== Segment start ==

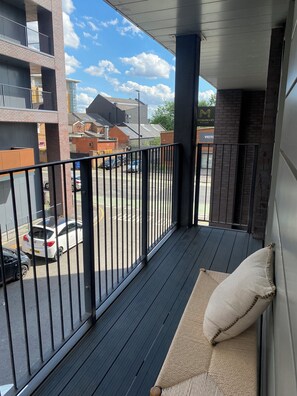 Ein Balkon mit einem Korbusofa und einem Kissen, einem Metallgeländer und Blick auf die Straße und die Häuser.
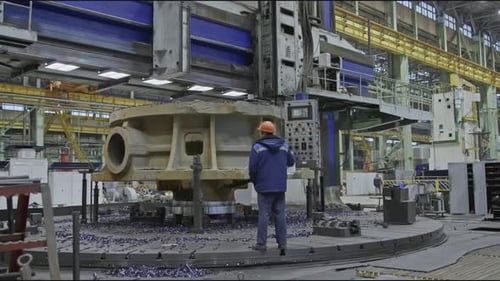Worker with Remote Control and Rotating Lathe Stock Clip Worker with Control Panel for Factory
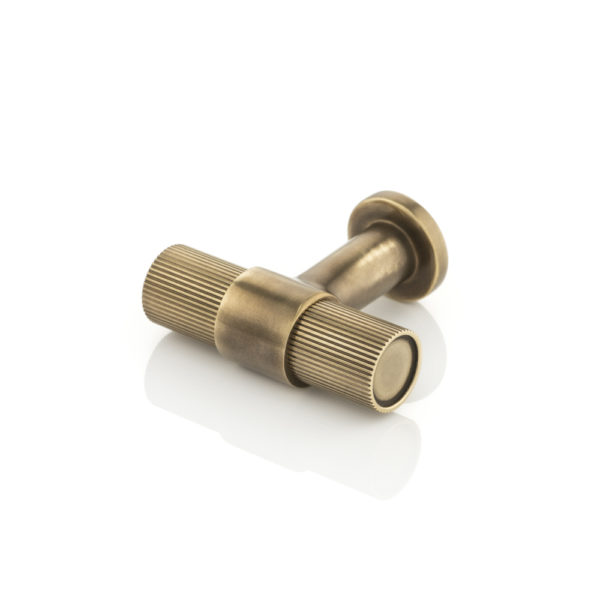 Montgomery T-bar cabinet pull with linear knurl on round rose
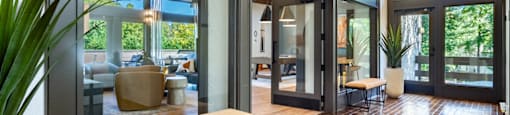 a lobby with glass doors and a bench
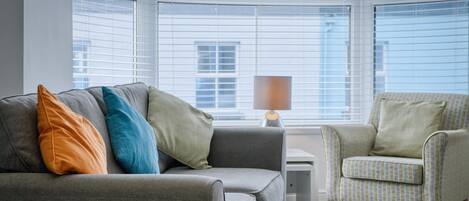 A modern living room with a grey sofa, a patterned armchair, and a lamp.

== Segment end ==

#### [WHAT YOU ARE ASKED TO DO]
Each entry above should be written out again exactly, without its pictures.

#### [ANSWER BOX]
 Ein Balkon mit einem Korbusofa und einem Kissen, einem Metallgeländer und Blick auf die Straße und die Häuser.
Worker with Remote Control and Rotating Lathe Stock Clip Worker with Control Panel for Factory
 Montgomery T-bar cabinet pull with linear knurl on round rose
 a lobby with glass doors and a bench
 A modern living room with a grey sofa, a patterned armchair, and a lamp.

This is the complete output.